MN Lawmakers Flex Political Muscle and Reject Union Contracts

Subcommittee on Employee Relations (LCC)

You heard it here first. State public employee unions and the Dayton Administration can no longer count on state legislators to be a rubber stamp for negotiated labor agreements, as American Experiment noted several weeks ago. At the time, DFL lawmakers were troubled when some colleagues raised uncomfortable questions about a SEIU Healthcare Minnesota contract stemming from a controversial 2014 union election for home care workers.

Now the majority on the Legislative Coordinating Commission’s Subcommittee on Employee Relations has sent another blunt message to the state’s two biggest public employee union collective bargaining units. The lawmakers recently voted six to four on a party-line vote to reject a two-year deal covering nearly 30,000 state employees in AFSCME and the Minnesota Association of Professional Employees.

The results were not received well by the minority, according to the Session Daily.

Sen. Chris Eaton (DFL-Brooklyn Center) said it’s pretty much “immoral” not to approve the contracts.

Rep. Debra Hilstrom (DFL-Brooklyn Center) noted a July 21 tweet from O’Neill about being “pleased with the outcome” after House Speaker Kurt Daudt (R-Crown) agreed to higher salaries for House members. Those increased from $31,140 to $45,000 after a recommendation from a legislative salary council.

“We are talking about 2 and 2 1-2 percent,” Hilstrom said. “… This is shameful.”

The Star Tribune editorial board didn’t appreciate the outcome any better, warning some government workers might go over to the dark–private–sector side.

It also shows that in the current political environment, it doesn’t take a state budget deficit — or an election year — for state employees to feel a compensation squeeze. That squeeze could prove costly for taxpayers in the long run, if it makes attracting and retaining a skilled workforce more difficult in an increasingly tight labor market. Already, it’s taking more than three months to fill many state positions, state officials report.

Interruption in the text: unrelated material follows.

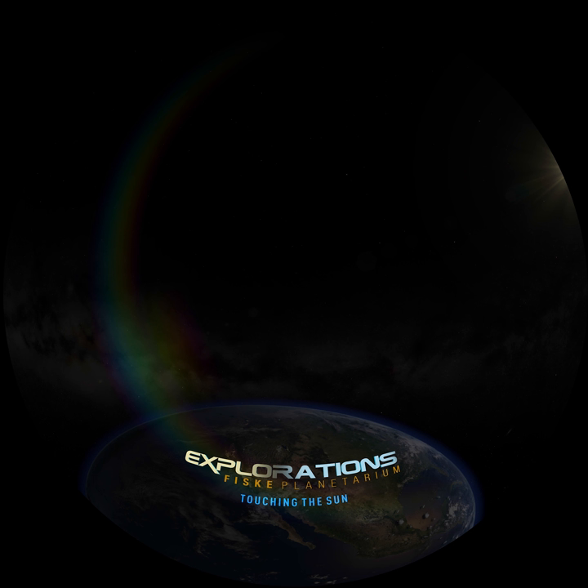On behalf of NASA and Fisk Planetarium at the University of Colorado Boulder, thank you for joining us for this episode of Explorations.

Yet House and Senate subcommittee leaders prevailed after raising reservations about the union deal that Dayton’s Department of Minnesota Management and Budget negotiated on the backs of taxpayers.

The legislative panel’s chair, Rep. Marion O’Neill of Maple Lake, offered a more nuanced explanation for Republican “no” votes. The Dayton administration supplied too little evidence that the new contracts would be affordable within the confines of the state agency budgets the Legislature approved in May. Agency-by-agency information was lacking, she told an editorial writer. She also voiced concern that the contracts would lead to tuition increases or program cuts in the Minnesota State Colleges and Universities system, where about 4,800 employees would be covered by the two new contracts.

The proposed raise for Department of Human Services employees would burn up $22 million of the $31 million of increased operating funds for the next biennium, leaving little for other priorities. Sen. Michelle Benson (R-Ham Lake) suggested going back to the drawing board.

“These are good, fair and affordable contracts,” said Edwin Hudson, deputy commissioner of MMB’s Enterprise Human Capital Division. He said health cost savings will help offset the increases.

But with health-care cost uncertainty nationally and in Minnesota, Benson said those dollars may not continue to exist. “You’re writing checks you don’t know we can pay.”

Round One goes to the Subcommittee on Employee Relations.  For now, thousands of state government employees will continue to work and be paid under their old contract, until the legislature reconvenes in February.